Your computer is a distributed system
Most computers are essentially a distributed system internally,
and provide their more familiar programming interface as an abstraction on top of that.
Piercing through these abstractions can yield greater performance,
but most programmers do not need to do so.
This is something unique:
an abstraction that hides the distributed nature of a system
and actually succeeds.
Many have observed that today's computers are distributed systems
implementing the abstraction of the shared-memory multiprocessor.
The wording in the title is from the 2009 paper
"Your computer is already a distributed system.
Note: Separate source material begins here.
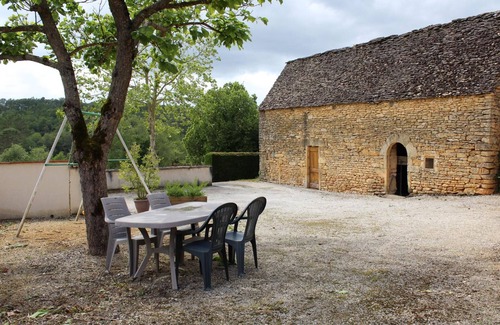 Marcillac-Saint-Quentin Cottage | Rustic stone house with garden and fireplace near Sarlat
Why isn't your OS?".
Some points from that and other sources:
- In a typical computer
there's many components running concurrently,
e.g. graphics cards, storage devices, network cards,
all running their own programs ("firmware") on their own cores,
independent of the main CPU
and communicating over the internal network (e.g. a PCI bus).
- Components can appear and disappear and
fail
independently,
up to and including CPU cores,
and other components have to
deal with this.
Much like on larger-scale unreliable networks,
timeouts
are used to detect communication failures.
- Components can be malicious and send adversarial inputs;
e.g., a malicious USB or Thunderbolt device
can try to exploit vulnerabilities in other hardware components in the system,
sometimes
successfully.
The system should be robust to such attacks,
just as with larger-scale distributed systems.
- These components are all updated on
their own schedule.
Often the computer's owner is
not allowed
to push their own updates to these components.
- The
latency
between different components of a computer is highly relevant;
e.g., the latency of communication between the CPU and main memory or storage devices
is huge compared to communication within the CPU.
- To reduce these latencies, we put caches in the middle,
just as we use caches and CDNs in larger distributed systems.
- Those caches themselves are sophisticated distributed systems,
implemented with
message passing
between individual cores.
Providing cache consistency has a latency
cost
just as it does in larger distributed systems.
As the shared-memory multiprocessor is actually a distributed system underneath,
we can, if necessary, reason explicitly about that underlying system
and use the same techniques that larger-scale distributed systems use:
- Performing operations closer to the data,
e.g. through compute elements embedded into
storage devices
and
network interfaces,
is faster.
- Offloading heavy computations to a "remote service" can be faster,
both because the service can run with
better resources,
and because the service will have
better locality.
- Communicating directly between devices
rather than going through the centralized main memory
reduces load on the CPU and improves latency.
- Using message passing instead of shared memory is
faster,
for the same reasons larger distributed systems don't use distributed shared memory.
But most programs do not do such things;
the abstraction of the shared-memory multiprocessor
is sufficient for most programs.
That this abstraction is successful is surprising.
In distributed systems,
it is often supposed that you cannot abstract away
the issues of distributed programming.
One classic and representative quote:
It is our contention that
a large number of things may now go wrong
due to the fact that
RPC tries to make remote procedure calls look exactly like local ones,
but is unable to do it perfectly.
Following this,
most approaches to large-scale distributed programming today
make the "distributed" part explicit:
They expose (and require programmers to deal with)
network failures, latency, insecure networks, partial failure, etc.
It's notoriously hard for programmers to deal with these issues.
So it is surprising to find that essentially all programs are written
in an environment that abstracts away its own distributed nature:
the shared-memory multiprocessor, as discussed above.
Such programs are filled with RPCs which appear as if they're local operations.
Accesses to memory and disk are synchronous RPCs to relatively distant hardware,
which block the execution of the program while waiting for a response.
But for most programs, this is completely fine.
This suggests that it may be possible to
abstract away the distributed nature
of larger-scale systems.
Perhaps eventually we can use the same abstractions for distributed systems of any size,
from individual computers to globe-spanning networks.